------ Exercise inputs ------

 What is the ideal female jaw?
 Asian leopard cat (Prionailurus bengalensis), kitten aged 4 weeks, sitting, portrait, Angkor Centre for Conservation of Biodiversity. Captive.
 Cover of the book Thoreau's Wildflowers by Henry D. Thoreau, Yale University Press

------
------ Exercise inputs ------

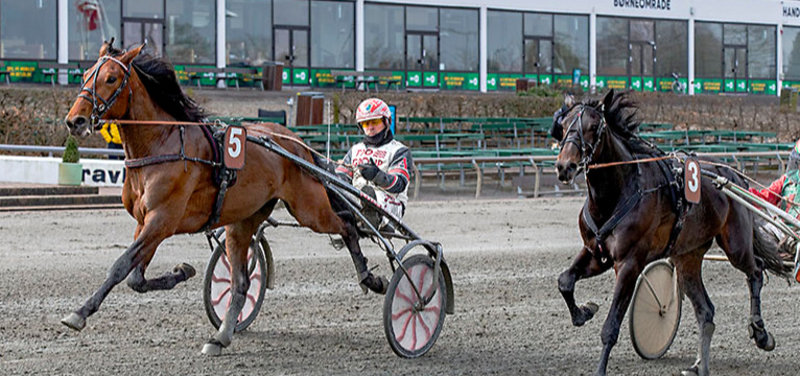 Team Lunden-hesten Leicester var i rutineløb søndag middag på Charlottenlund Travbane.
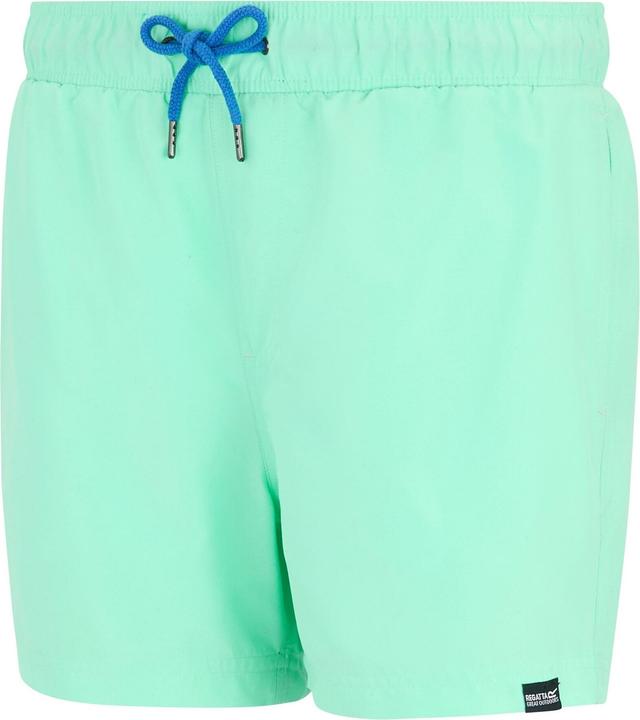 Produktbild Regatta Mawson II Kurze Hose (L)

------
------ Exercise inputs ------

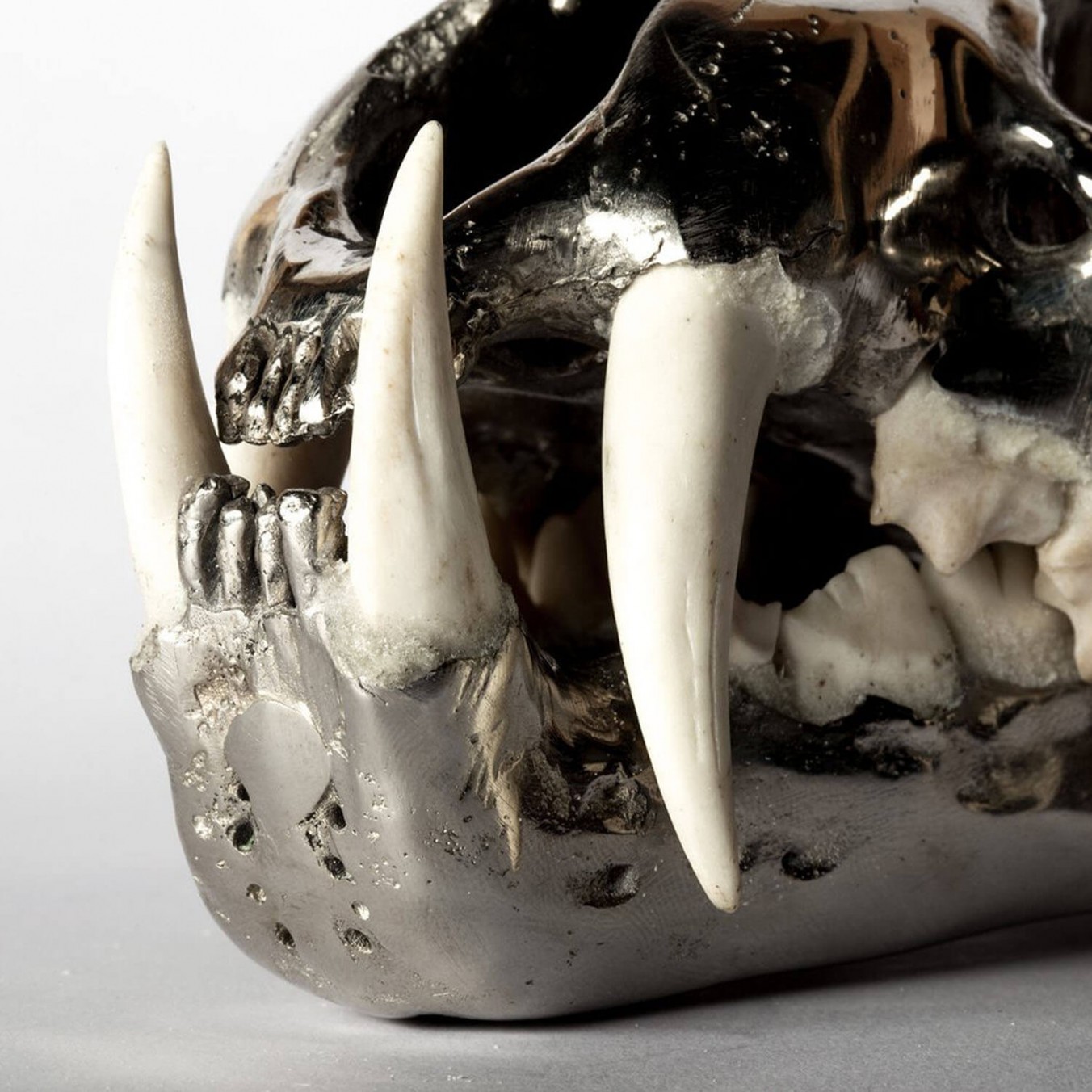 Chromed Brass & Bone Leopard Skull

------

→ What you have to do: I'd like the lines above from the one with "What is the ideal female jaw?" up to and including the one with "Cover of the" copied exactly, with no other lines.

→ Answer section:
 What is the ideal female jaw?
 Asian leopard cat (Prionailurus bengalensis), kitten aged 4 weeks, sitting, portrait, Angkor Centre for Conservation of Biodiversity. Captive.
 Cover of the book Thoreau's Wildflowers by Henry D. Thoreau, Yale University Press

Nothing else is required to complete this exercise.